Databases 19 min read

Evolution of Ximalaya KV Storage and XCache Architecture

Ximalaya’s KV storage progressed from a simple Redis master‑slave setup to client‑side sharding, then adopted Codis clustering for elastic scaling, integrated Pika’s disk‑based store with cold‑hot separation, introduced KV‑blob separation, fast‑slow command pools, second‑level expansion, ehash fields, large‑key circuit breaking, multi‑active data‑center replication, and now targets cloud‑native deployment, advanced features, and AI‑driven operations.

Ximalaya Technology Team

Jul 13, 2023

Evolution of Ximalaya KV Storage and XCache Architecture

Ximalaya KV Storage Development History

KV storage is a core component of Ximalaya, handling billions of requests daily.

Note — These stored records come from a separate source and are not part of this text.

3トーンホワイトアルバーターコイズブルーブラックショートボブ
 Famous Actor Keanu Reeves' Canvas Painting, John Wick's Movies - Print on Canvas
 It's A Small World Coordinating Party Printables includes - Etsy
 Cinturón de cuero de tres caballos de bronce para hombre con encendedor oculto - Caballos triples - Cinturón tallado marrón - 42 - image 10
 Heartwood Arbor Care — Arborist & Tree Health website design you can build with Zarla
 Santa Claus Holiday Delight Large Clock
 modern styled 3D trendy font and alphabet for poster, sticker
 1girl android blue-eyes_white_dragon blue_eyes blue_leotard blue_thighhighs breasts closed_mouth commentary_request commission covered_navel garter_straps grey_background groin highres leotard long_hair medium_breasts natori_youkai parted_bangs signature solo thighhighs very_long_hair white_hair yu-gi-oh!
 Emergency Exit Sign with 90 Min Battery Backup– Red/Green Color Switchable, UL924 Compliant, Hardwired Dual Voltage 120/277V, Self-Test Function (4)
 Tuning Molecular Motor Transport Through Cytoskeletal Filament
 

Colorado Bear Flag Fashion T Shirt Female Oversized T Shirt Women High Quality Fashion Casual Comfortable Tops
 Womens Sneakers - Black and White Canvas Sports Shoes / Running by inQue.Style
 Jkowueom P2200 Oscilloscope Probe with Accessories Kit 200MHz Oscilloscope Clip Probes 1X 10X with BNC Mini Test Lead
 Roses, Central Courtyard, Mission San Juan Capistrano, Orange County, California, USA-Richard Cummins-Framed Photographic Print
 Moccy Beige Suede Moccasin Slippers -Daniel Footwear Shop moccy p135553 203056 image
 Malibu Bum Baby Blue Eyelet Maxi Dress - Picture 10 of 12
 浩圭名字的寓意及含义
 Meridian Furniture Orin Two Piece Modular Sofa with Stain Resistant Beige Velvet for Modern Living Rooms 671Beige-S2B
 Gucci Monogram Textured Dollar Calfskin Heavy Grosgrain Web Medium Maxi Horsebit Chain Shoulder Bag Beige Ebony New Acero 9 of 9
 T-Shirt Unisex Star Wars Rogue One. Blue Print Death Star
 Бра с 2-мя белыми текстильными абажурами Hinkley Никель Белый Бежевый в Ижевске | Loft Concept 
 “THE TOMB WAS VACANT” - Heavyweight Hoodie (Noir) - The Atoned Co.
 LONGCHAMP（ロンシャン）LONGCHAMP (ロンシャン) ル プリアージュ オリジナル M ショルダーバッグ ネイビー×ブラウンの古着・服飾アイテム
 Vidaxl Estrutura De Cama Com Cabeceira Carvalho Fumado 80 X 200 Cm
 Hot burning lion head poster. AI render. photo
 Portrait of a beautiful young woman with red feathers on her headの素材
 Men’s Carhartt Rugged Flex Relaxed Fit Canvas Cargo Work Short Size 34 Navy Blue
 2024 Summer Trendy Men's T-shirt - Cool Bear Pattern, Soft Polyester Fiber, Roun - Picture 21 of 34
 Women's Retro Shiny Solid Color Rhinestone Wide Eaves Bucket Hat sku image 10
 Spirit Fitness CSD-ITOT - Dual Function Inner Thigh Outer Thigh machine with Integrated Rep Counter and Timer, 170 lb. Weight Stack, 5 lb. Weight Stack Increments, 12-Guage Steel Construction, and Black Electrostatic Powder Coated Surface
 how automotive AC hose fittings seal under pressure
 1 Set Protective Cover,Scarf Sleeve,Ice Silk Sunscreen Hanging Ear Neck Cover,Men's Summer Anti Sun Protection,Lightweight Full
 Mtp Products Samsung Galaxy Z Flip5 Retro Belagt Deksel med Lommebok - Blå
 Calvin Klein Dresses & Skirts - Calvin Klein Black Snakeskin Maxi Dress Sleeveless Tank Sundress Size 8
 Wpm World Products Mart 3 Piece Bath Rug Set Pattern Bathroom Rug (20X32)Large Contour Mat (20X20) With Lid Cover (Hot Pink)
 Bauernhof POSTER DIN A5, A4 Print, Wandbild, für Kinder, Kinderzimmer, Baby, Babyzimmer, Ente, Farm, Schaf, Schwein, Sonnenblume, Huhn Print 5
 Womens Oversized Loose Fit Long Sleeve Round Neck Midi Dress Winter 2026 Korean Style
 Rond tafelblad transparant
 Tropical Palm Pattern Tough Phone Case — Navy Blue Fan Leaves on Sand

This document introduces the evolution of Ximalaya's KV storage, covering its history, self‑developed + community cache system, and future plans.

Redis Master‑Slave Mode

Initially, Ximalaya used a simple Redis master‑slave architecture with VIP failover. While easy to deploy, it limited QPS (<10w) and data size (<10GB) due to single‑node constraints.

Sharding Mode

To overcome single‑node limits, a client‑side sharding scheme was introduced, hashing keys to different Redis nodes. This improved QPS but lacked elastic scaling and required client code changes when adding or removing nodes.

Cluster Mode Selection (2016)

Three popular solutions were evaluated:

Redis Cluster : official, decentralized, easy deployment, but tightly coupled and hard to upgrade.

Twemproxy : Twitter’s proxy, but not friendly for smooth scaling.

Codis Redis : open‑source proxy, compatible with Twemproxy, better performance, supports smooth scaling and visual management.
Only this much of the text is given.